Do total liberado, R$ 447 bilhões são destinados a grandes produtores e cooperativas, enquanto R$ 69,1 bilhões vão beneficiar os produtores do Pronamp, que agora passa a incluir agricultores com renda anual de até R$ 3,5 milhões. A iniciativa representa um acréscimo de R$ 8 bilhões em relação ao ciclo anterior, com juros que variam entre 8,5% e 14% ao ano, sendo menores para quem adotar práticas sustentáveis.
A sustentabilidade ocupa lugar central nas diretrizes do novo plano. As operações de custeio poderão contemplar o reflorestamento, a produção de sementes e mudas de espécies florestais e o cultivo de plantas de cobertura do solo. Além disso, a partir desta edição, todos os financiamentos agrícolas acima de R$ 200 mil deverão seguir as recomendações do Zoneamento Agrícola de Risco Climático, que orienta os plantios conforme as melhores condições climáticas para evitar perdas.
Durante o lançamento, o presidente Luiz Inácio Lula da Silva destacou a importância de conciliar produção e preservação ambiental. Segundo ele, o Brasil está deixando para trás a imagem de país do desmatamento e se consolidando como potência agrícola comprometida com a sustentabilidade. Lula ressaltou que o país ainda dispõe de 40 milhões de hectares de terras degradadas, cuja recuperação pode ampliar a produção sem ampliar a fronteira agrícola.

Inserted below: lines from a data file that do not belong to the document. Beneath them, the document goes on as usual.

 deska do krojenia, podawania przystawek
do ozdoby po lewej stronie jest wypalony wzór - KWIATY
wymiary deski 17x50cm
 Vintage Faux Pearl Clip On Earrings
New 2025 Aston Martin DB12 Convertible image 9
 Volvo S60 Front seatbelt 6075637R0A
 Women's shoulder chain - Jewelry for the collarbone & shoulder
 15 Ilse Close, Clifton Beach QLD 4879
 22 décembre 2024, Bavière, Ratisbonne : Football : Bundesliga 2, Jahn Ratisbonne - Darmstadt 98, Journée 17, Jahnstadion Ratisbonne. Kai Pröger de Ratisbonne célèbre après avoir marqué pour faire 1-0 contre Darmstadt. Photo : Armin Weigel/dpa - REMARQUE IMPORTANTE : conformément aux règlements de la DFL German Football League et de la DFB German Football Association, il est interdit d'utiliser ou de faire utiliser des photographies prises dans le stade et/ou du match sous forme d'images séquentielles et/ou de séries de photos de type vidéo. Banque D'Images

O subprograma RenovAgro Ambiental também foi reforçado. Agora, ele permite o uso de recursos para ações de combate a incêndios, aquisição de caminhões-pipa e plantio de mudas nativas em áreas de preservação. A medida faz parte de um conjunto mais amplo de ações que incluem a renegociação de dívidas, ampliação da capacidade de armazenamento de grãos, unificação dos programas de modernização tecnológica e flexibilização no financiamento de insumos adquiridos antes da contratação do crédito.

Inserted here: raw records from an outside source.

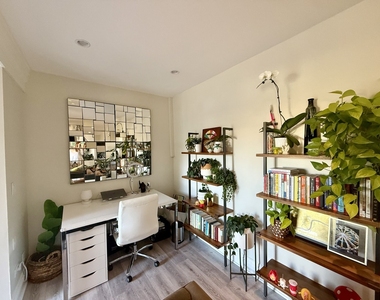 212 Franklin Street - Photo Thumbnail 3
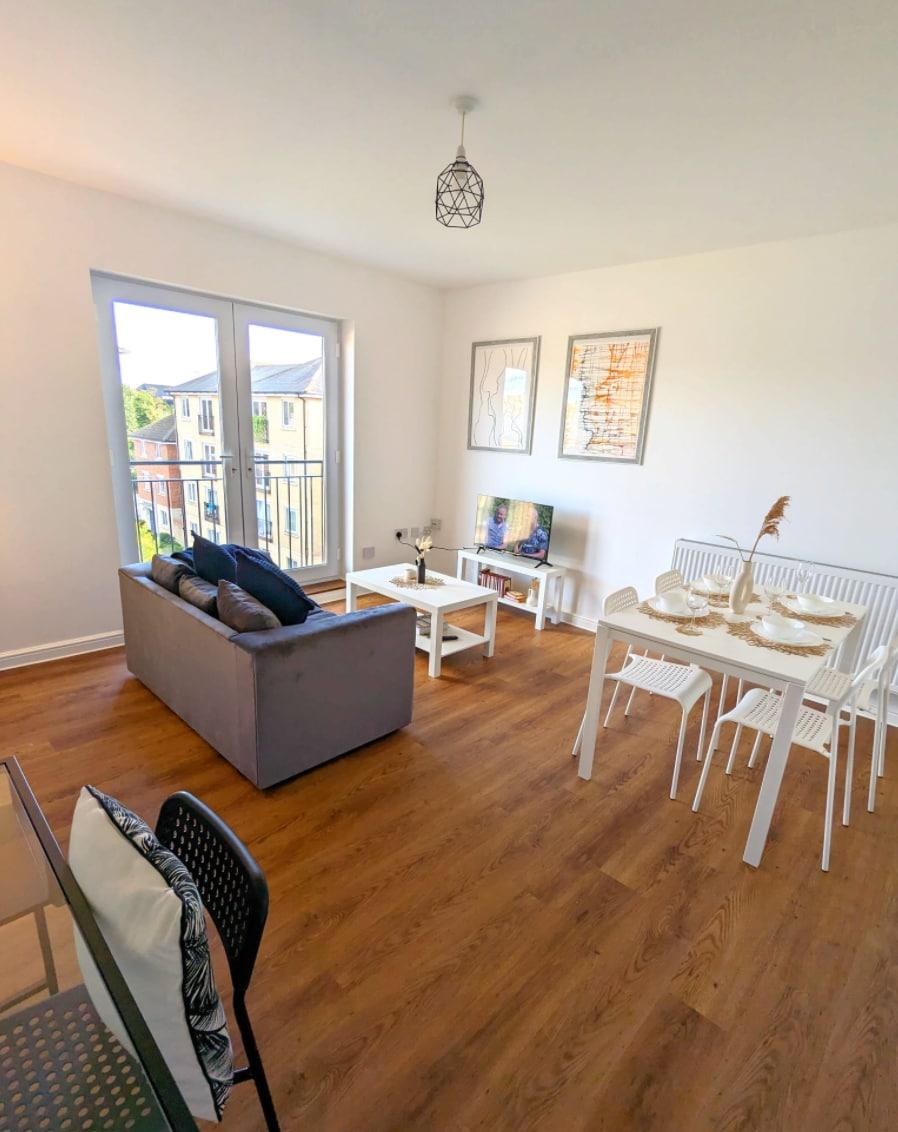 Modern 2‑Bed Ipswich Home | Parking | Sleeps 6
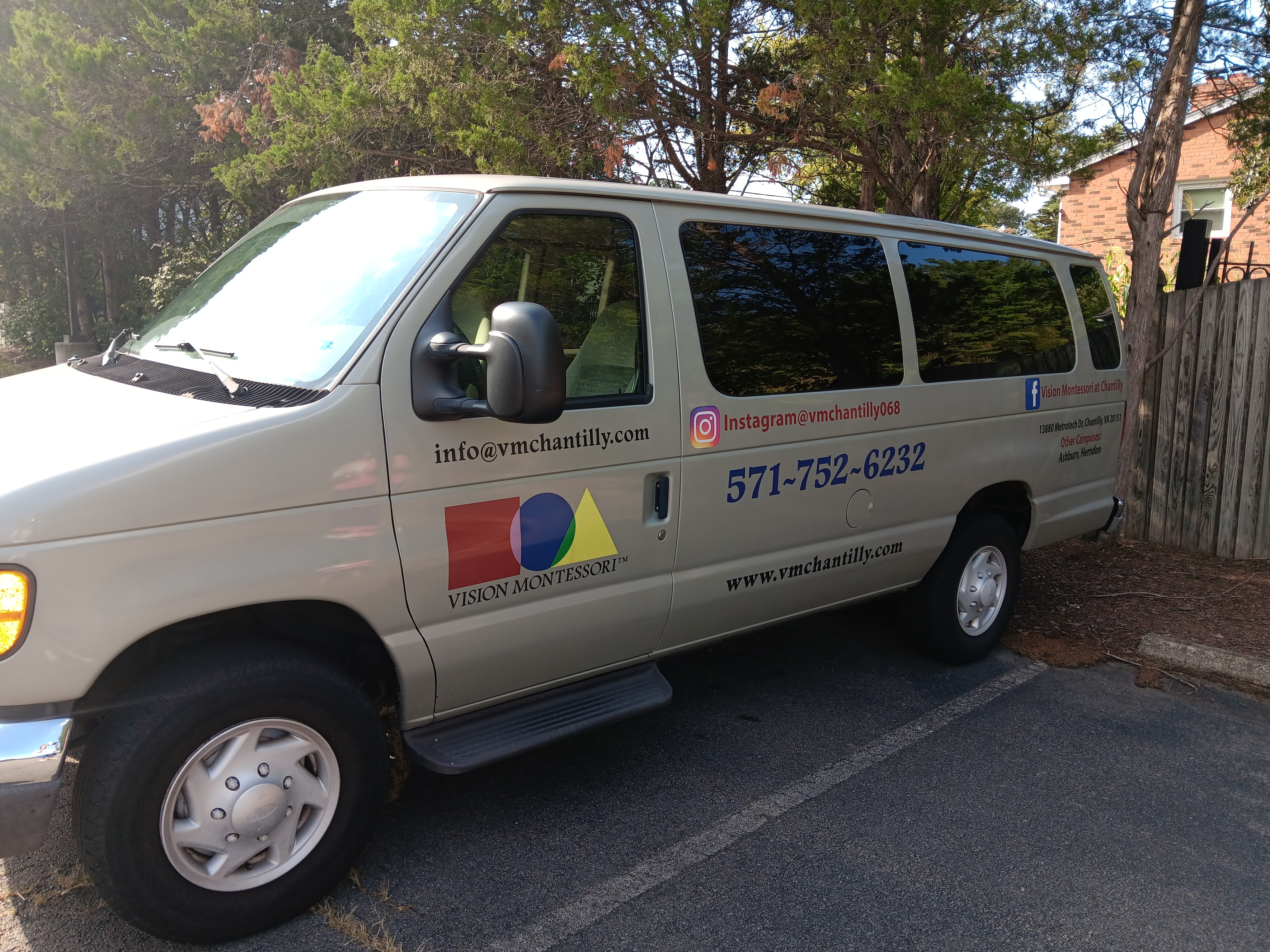 Used 2005 Ford E-350 and Econoline 350 XLT RWD image 2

Somados aos R$ 89 bilhões do Plano Safra da Agricultura Familiar, lançado na véspera, os anúncios confirmam a aposta do governo em uma política agrícola robusta e articulada, que busca aumentar a produção de alimentos, incentivar a transição agroecológica e modernizar a infraestrutura rural. Com foco na inovação, sustentabilidade e inclusão, o novo ciclo do Plano Safra mira não apenas o crescimento do setor, mas também o fortalecimento de sua imagem no cenário internacional.